Welcome Aboard Randall. Great report, and sounds like a fun time for Ben too. Ben's 7# kinda gets over shadowed when you catch one more than double that, but congrats to Ben too! He still gets credit for getting the fish in the boat. 8) 

Congrats on another Monster. =D> 

Look forward to seeing more reports in the future, and here is the place to start looking for inspiration on your deck mod: https://www.tinboats.net/forum/viewtopic.php?f=21&t=3156


----------



## poolie (Nov 6, 2010)

Congrats Randall! That thing is huge. I wondered if it came from Varner.

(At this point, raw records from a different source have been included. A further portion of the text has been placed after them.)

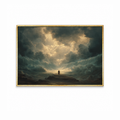 Red Sea Miracle Christian wall art featuring Moses before the parted sea beneath dramatic clouds in a gold frame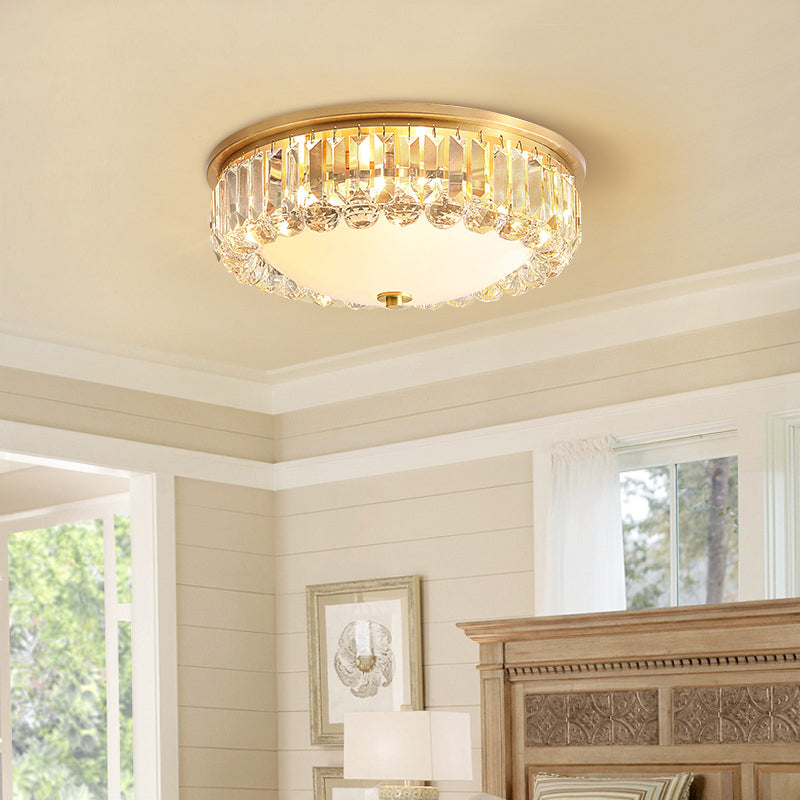 Milk Glass Dome Flush Lamp Postmodern 4-Bulb Gold Ceiling Mount Light with Crystal Accent Clearhalo 'Ceiling Lights' 'Close To Ceiling Lights' 'Close to ceiling' 'Flush mount' Lighting' 2137901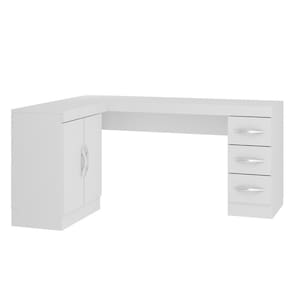 Mesa Escrivaninha em L com Armário Gaveteiro 120x156cm Branca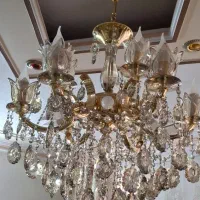 دو عدد لوستر بدنه آبکاری طلا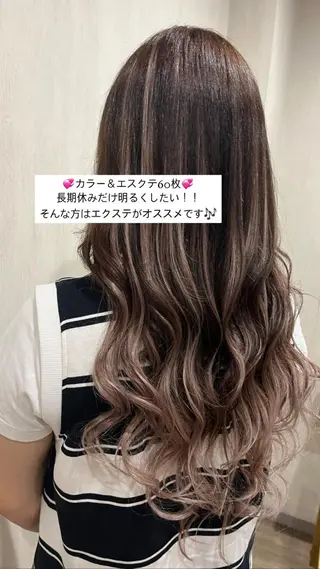セミロング カラー パーマ ヘアアレンジ メンズ キッズ ネイル マツエク・マツパ アイブロウ ♡🎀垢抜け透明感 カラーaomi🐇♡のヘアスタイル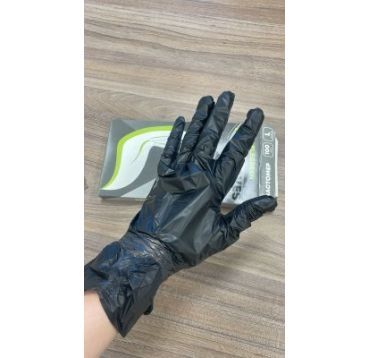 Перчатки одноразовые, размер L, 10 мкм, черн., ТПЕ, 50 пар/упак "Элегрин" 40 упак/кор РОССИЯ 406-087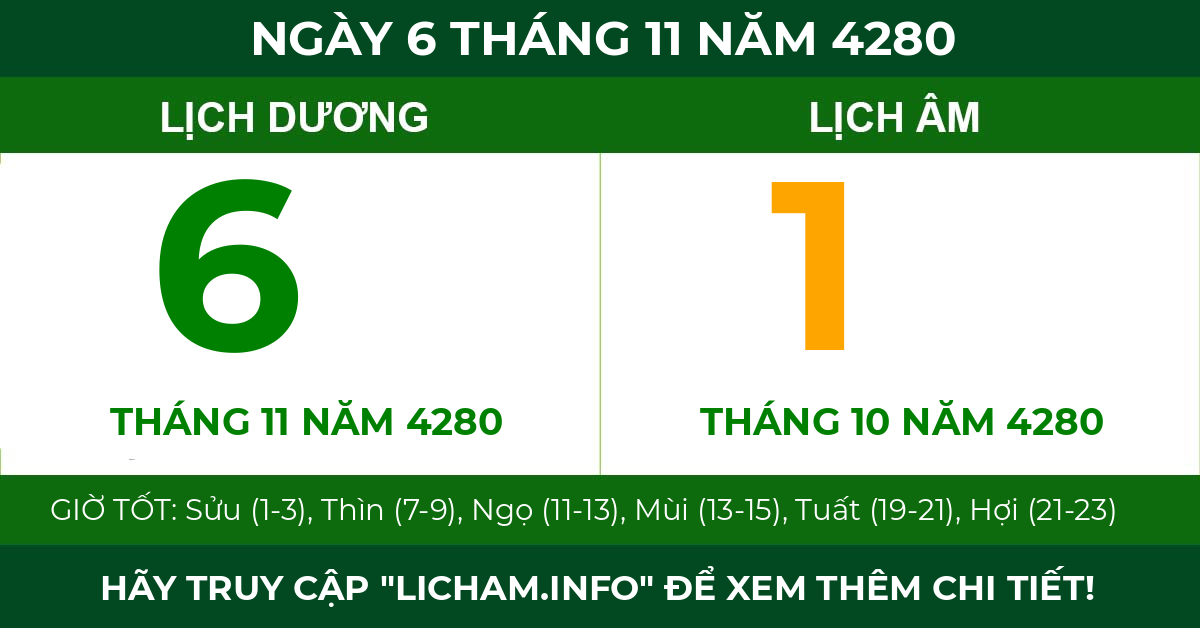 lịch âm ngày 6 tháng 11 năm 4280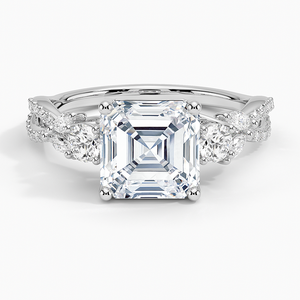 Bague BOJ 0143 en argent 925, taille Asscher, sertie de trois griffes, luxe Willow, solitaire, diamant 2 carats, couleur D, VVS1, Moissanite GRA - Product Image 1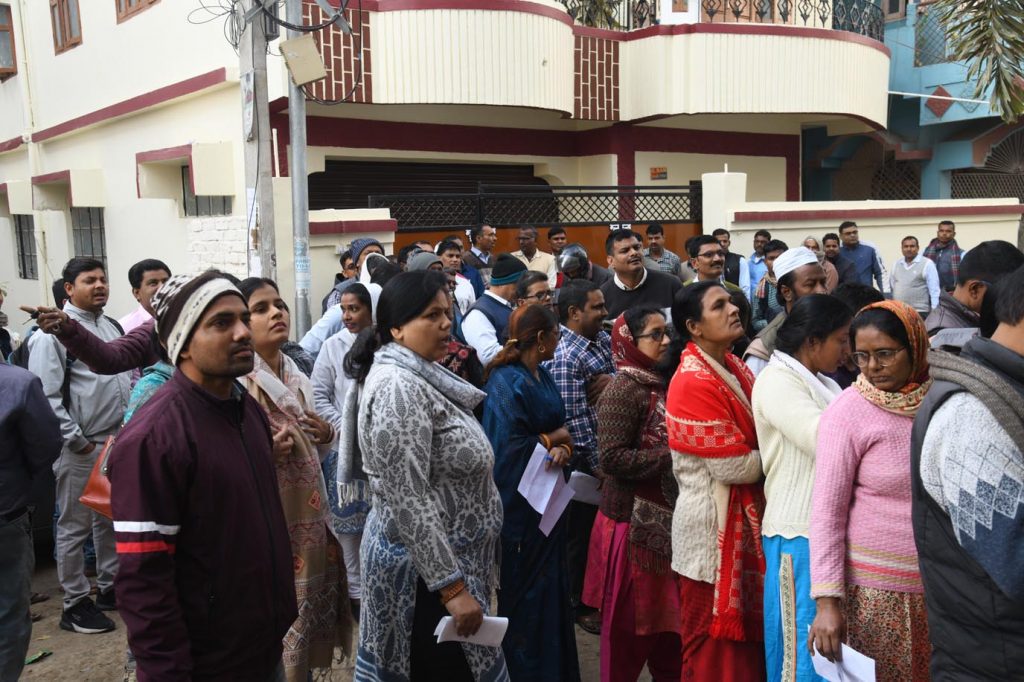 Aspirants Gather At An Examination Centre To Appear In The Competency Test First Sakshamta Pariksha For Teachers Of The State 2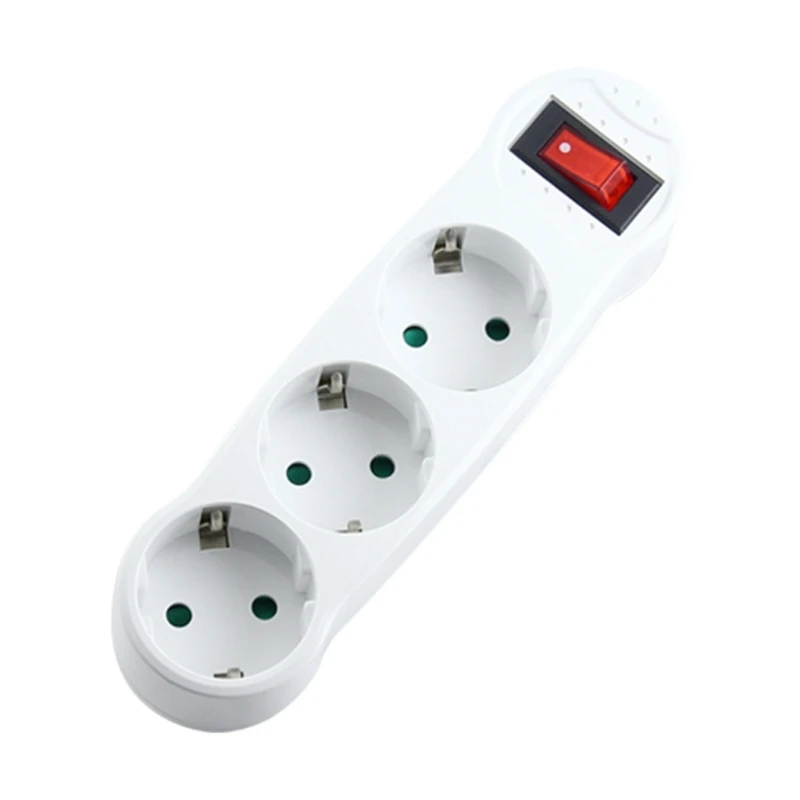 

EU German Standard 1 to 3 Conversion Socket 250V/16A Cordless Power Socket with Switches Travel Conversion Plug Socket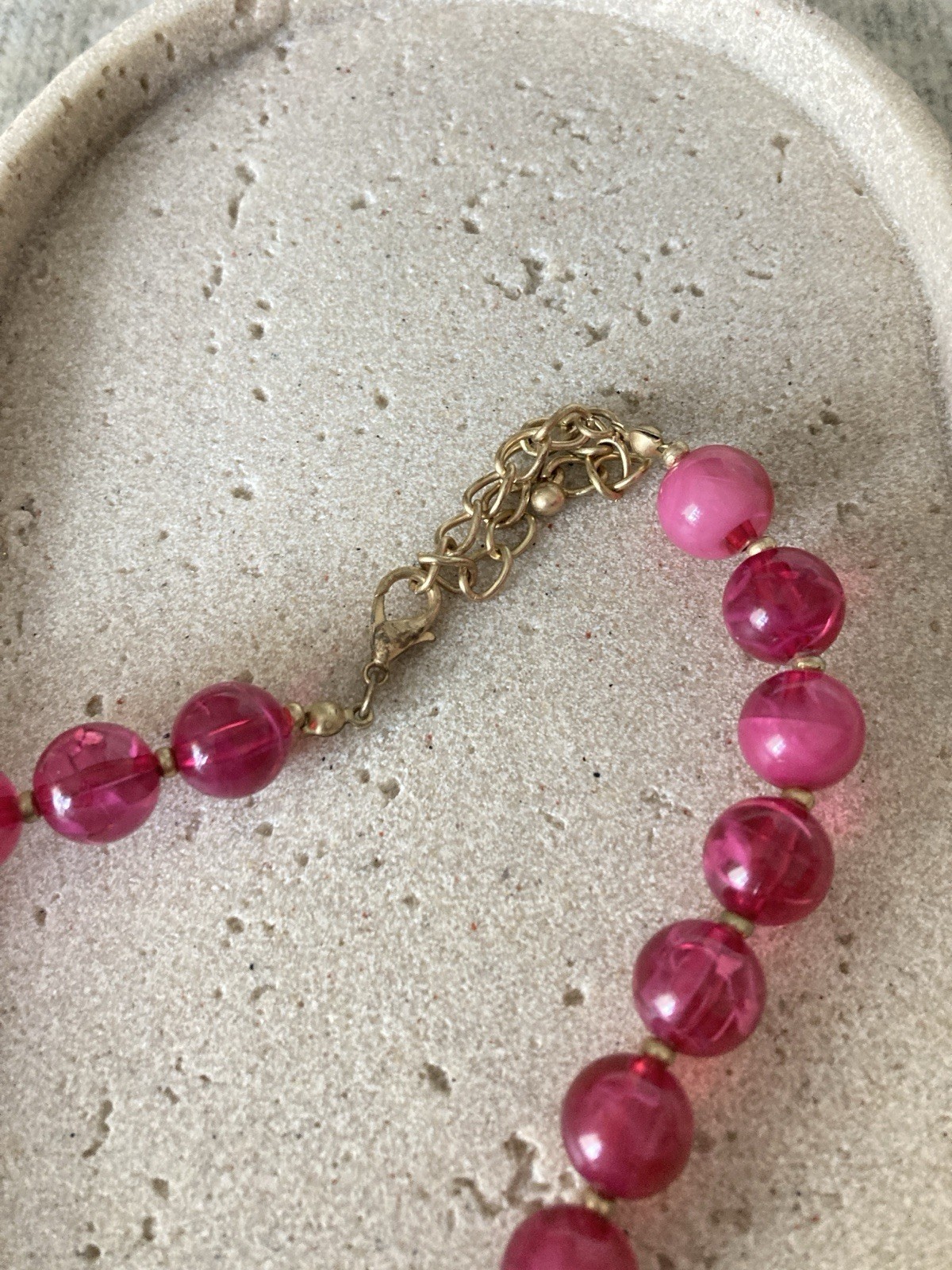 Vintage Raspberry Pink Beaded Necklace Glam Romantic Long Glossy Party Evening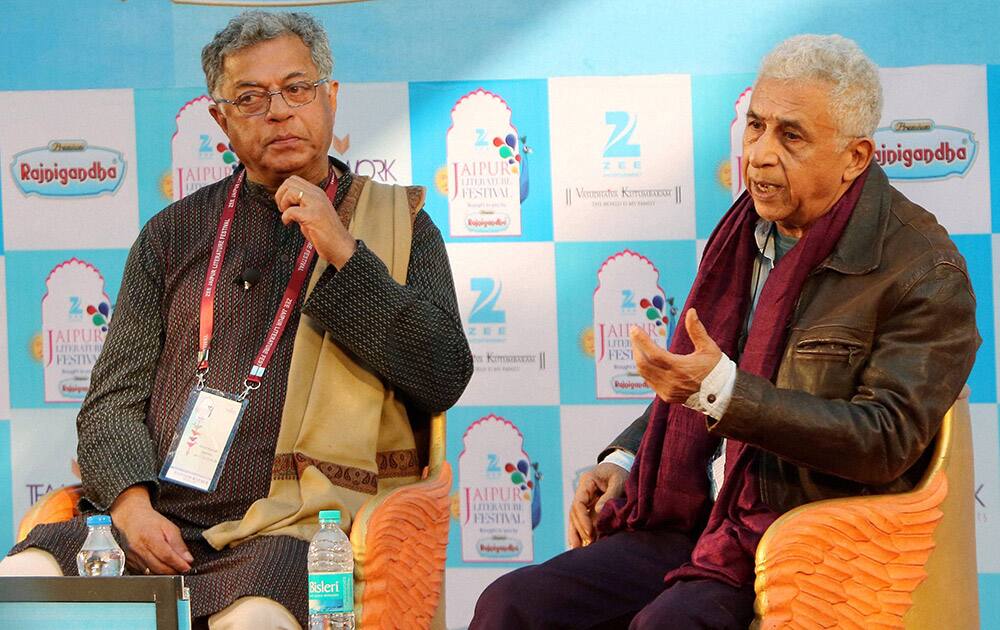 Naseeruddin Shah and Girish Karnad at a session at Zee Jaipur Literature Festival at Diggi Palace in Jaipur.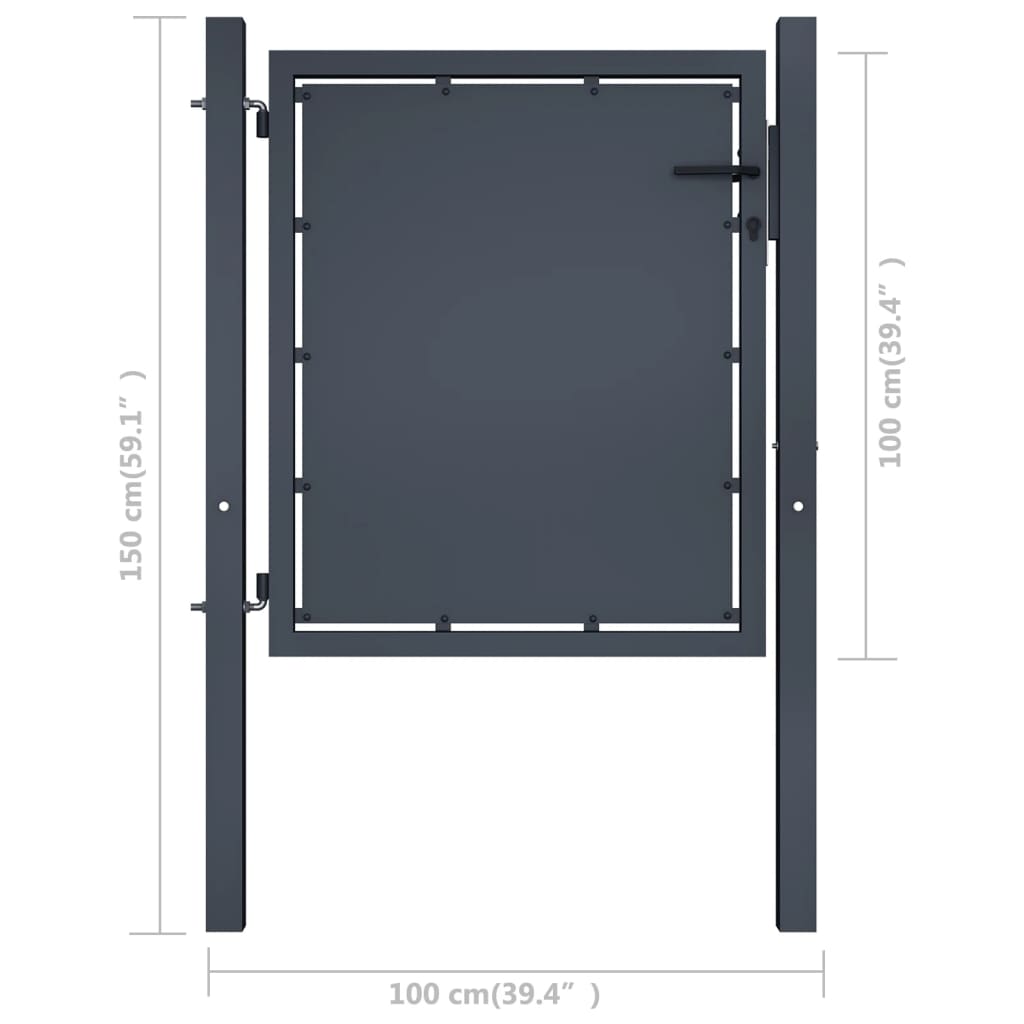 vidaXL Garden Gate Steel 100x100 cm Anthracite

One of these days I'm going to have to get over on that side of town and check the lake out. I've heard it has some pigs, and you just proved it.


----------



## fender66 (Nov 6, 2010)

So happy to have you aboard randall. Hoping you send that lure my way if it's not already displayed in the trophy case. :mrgreen:


----------



## randall (Nov 6, 2010)

Thanks for the welcome! Poolie I just moved to Hiram in June. Didn't expect to find a neighbor on here. Varner is worth the trip I drive it a few times a week. 
Fender66 that bait is going to get fished some more. It would be a waste in a trophy case. 
Brine, Ben is having a great week despite having to net my fish. He took a week off to fish and I called him today and he was at Dream Lake in Alabama yesterday. He only caught about fifty quality fish with a six pounder for the big fish. :roll: He is a big fish magnet.


----------



## fender66 (Nov 6, 2010)

> Fender66 that bait is going to get fished some more. It would be a waste in a trophy case.


Understand if it's not ready for the trophy case...but if it has babies....keep me in mind. 8) 

Seriously...glad you are here. The more the merrier. :beer:


----------



## one100grand (Nov 7, 2010)

The only thing I can say is =D> =D> =D>


----------



## Troutman3000 (Nov 17, 2010)

randall said:


> Thanks for the welcome! Poolie I just moved to Hiram in June. Didn't expect to find a neighbor on here. Varner is worth the trip I drive it a few times a week.
> Fender66 that bait is going to get fished some more. It would be a waste in a trophy case.
> Brine, Ben is having a great week despite having to net my fish. He took a week off to fish and I called him today and he was at Dream Lake in Alabama yesterday. He only caught about fifty quality fish with a six pounder for the big fish. :roll: He is a big fish magnet.




Nice to see you over here Randall.


----------